There cannot be freedom without privacy, and there cannot be privacy without it being safeguarded by anonymity.

Anti Federalist
08-01-2012, 11:26 PM
And even you couldn't refuse? This is a whole new level of bad. This is dog collars and shackles. This is treating us as subhumans meant for the tagging and tracking, and also comes along with the superiority complex of imagining us as slaves, which must be necessary to feel one has a right to treat any human in such a manner.

Nope, no refusal on this.

I was right 30 years ago about MADD and drunk driving "crackdowns", I was right about seat belt laws, I was right about wireless enabled cars and what they would do.

Mark my words, this will be accepted practice for walking down the street or riding a subway or driving a car in the not too distant future.

Anti Federalist
08-01-2012, 11:27 PM
And you made it through!?

I'll be making a few phone calls in the morning, thanks.
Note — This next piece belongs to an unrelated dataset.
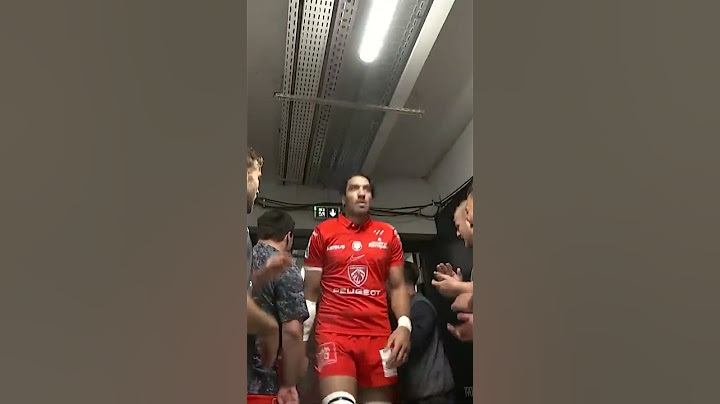 Stade Toulousain getting a bit too pumped up in the tunnel!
I was going to mention your name, but then, it might have given a whole new definition to the term "gate rape" had I done so.

Yieu
08-01-2012, 11:41 PM
This will be used to track the movement of people, much in the same way that other nations have.

Tracking the movement of free people against their will tends to happen just before killing those people by the thousands or millions, though perhaps our government has "evolved" from those times and and may find forced labor more useful?

This is why spying on citizens is an act of evil. It leads to finding fault with them and harming them.

RickyJ
08-01-2012, 11:54 PM
Once the scan is complete, the technology automatically and permanently deletes the information from the system.

You see, you have nothing to worry about, it deletes the information permanently from the system after the verification is done. :D

Kind of like the same way the naked pictures of passengers are deleted after they make sure you have no weapon stored under your clothes.

Of course this will lead to more intrusions on privacy, like a DHS chief telling people if you have nothing to hide you should have no objection to us conducting a cavity search on you.